[issue] Spam accounts gets created trough local account (no way?!)

go-gitea / gitea

Git with a cup of tea! Painless self-hosted all-in-one software development service, including Git hosting, code review, team collaboration, package registry and CI/CD

https://gitea.com

MIT License

45.24k stars 5.5k forks source link

[issue] Spam accounts gets created trough local account (no way?!) #32556

Open 0n1cOn3 opened 3 days ago

0n1cOn3 commented 3 days ago

Description

Spammers found a way to register an account without using the given Login Providers (as you can see from the screenshot below)

Gitea Version

1.22.0

Can you reproduce the bug on the Gitea demo site?

Log Gist

No response

Screenshots

Git Version

2.34.1

Operating System

Ubuntu 20.04 LTS

How are you running Gitea?

Docker-Compose V2

Database

MySQL/MariaDB

lunny commented 3 days ago

You can enable captcha and other methods to avoid spammers.
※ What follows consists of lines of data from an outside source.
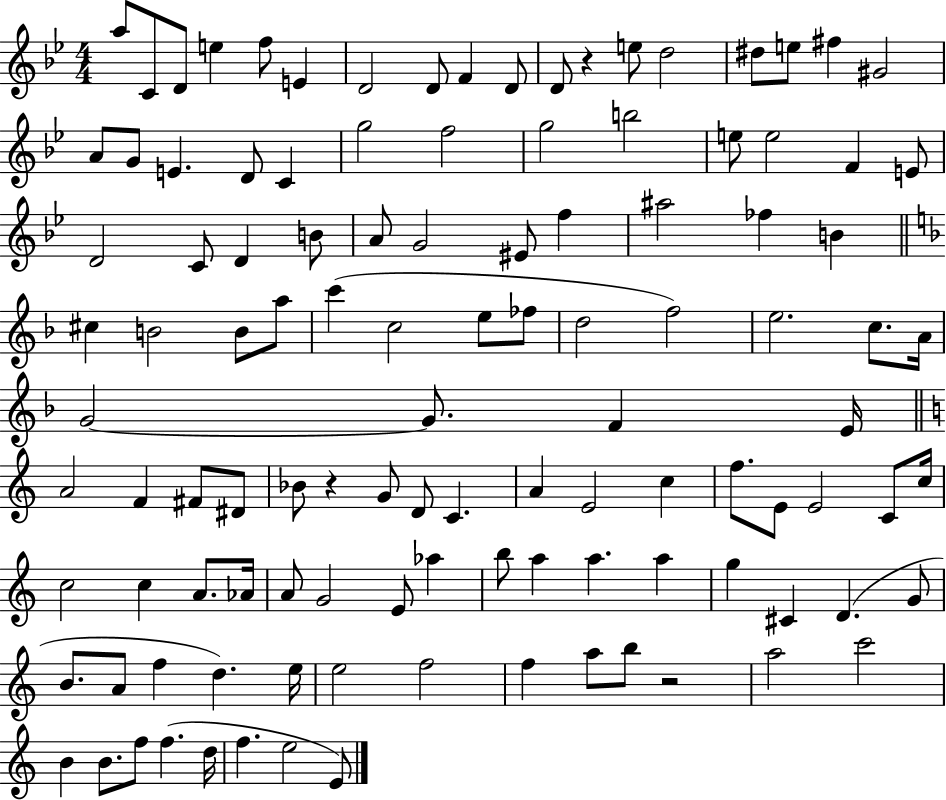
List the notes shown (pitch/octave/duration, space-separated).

A5/e C4/e D4/e E5/q F5/e E4/q D4/h D4/e F4/q D4/e D4/e R/q E5/e D5/h D#5/e E5/e F#5/q G#4/h A4/e G4/e E4/q. D4/e C4/q G5/h F5/h G5/h B5/h E5/e E5/h F4/q E4/e D4/h C4/e D4/q B4/e A4/e G4/h EIS4/e F5/q A#5/h FES5/q B4/q C#5/q B4/h B4/e A5/e C6/q C5/h E5/e FES5/e D5/h F5/h E5/h. C5/e. A4/s G4/h G4/e. F4/q E4/s A4/h F4/q F#4/e D#4/e Bb4/e R/q G4/e D4/e C4/q. A4/q E4/h C5/q F5/e. E4/e E4/h C4/e C5/s C5/h C5/q A4/e. Ab4/s A4/e G4/h E4/e Ab5/q B5/e A5/q A5/q. A5/q G5/q C#4/q D4/q. G4/e B4/e. A4/e F5/q D5/q. E5/s E5/h F5/h F5/q A5/e B5/e R/h A5/h C6/h B4/q B4/e. F5/e F5/q. D5/s F5/q. E5/h E4/e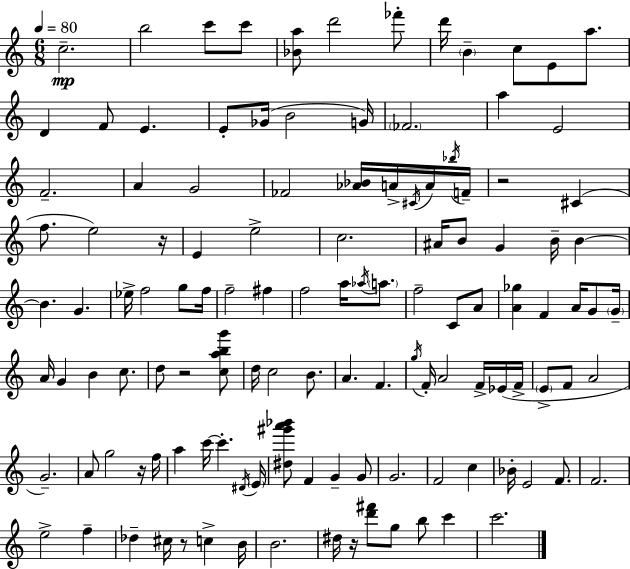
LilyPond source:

{
  \clef treble
  \numericTimeSignature
  \time 6/8
  \key a \minor
  \tempo 4 = 80
  c''2.--\mp | b''2 c'''8 c'''8 | <bes' a''>8 d'''2 fes'''8-. | d'''16 \parenthesize b'4-- c''8 e'8 a''8. | \break d'4 f'8 e'4. | e'8-. ges'16( b'2 g'16) | \parenthesize fes'2. | a''4 e'2 | \break f'2.-- | a'4 g'2 | fes'2 <aes' bes'>16 a'16-> \acciaccatura { cis'16 } a'16 | \acciaccatura { bes''16 } f'16-- r2 cis'4( | \break f''8. e''2) | r16 e'4 e''2-> | c''2. | ais'16 b'8 g'4 b'16-- b'4~~ | \break b'4. g'4. | ees''16-> f''2 g''8 | f''16 f''2-- fis''4 | f''2 a''16 \acciaccatura { aes''16 } | \break \parenthesize a''8. f''2-- c'8 | a'8 <a' ges''>4 f'4 a'16 | g'8 \parenthesize g'16-- a'16 g'4 b'4 | c''8. d''8 r2 | \break <c'' a'' b'' g'''>8 d''16 c''2 | b'8. a'4. f'4. | \acciaccatura { g''16 } f'16-. a'2 | f'16-> ees'16( f'16-> \parenthesize e'8-> f'8 a'2 | \break g'2.--) | a'8 g''2 | r16 f''16 a''4 c'''16~~ c'''4.-. | \acciaccatura { dis'16 } \parenthesize e'16 <dis'' gis''' a''' bes'''>8 f'4 g'4-- | \break g'8 g'2. | f'2 | c''4 bes'16-. e'2 | f'8. f'2. | \break e''2-> | f''4-- des''4-- cis''16 r8 | c''4-> b'16 b'2. | dis''16 r16 <d''' fis'''>8 g''8 b''8 | \break c'''4 c'''2. | \bar "|."
}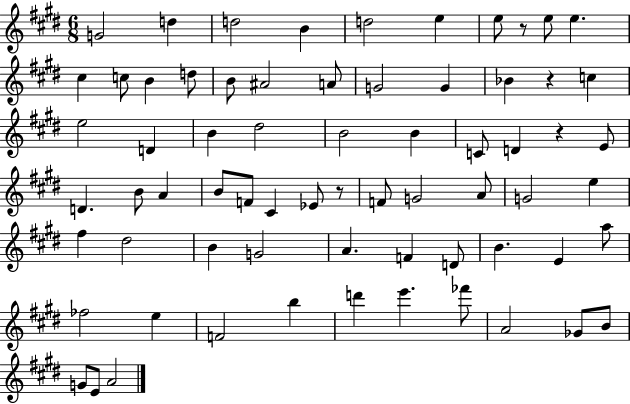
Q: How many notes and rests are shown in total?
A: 68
If you want to disable local user, it's duplicated of #13606

0n1cOn3 commented 3 days ago

Thank you ! 🥇

0n1cOn3 commented 3 days ago

I have saddly to say, that Captcha is already enabled. And the given thread from you is also saddly not really helpful to get that issue fixed :-(

jiriks74 commented 1 day ago

I have saddly to say, that Captcha is already enabled.

I've enabled reCAPTCHA and verified that it appears on the registration website. Sadly it does nothing to stop the account spam I've been battling over the last few days.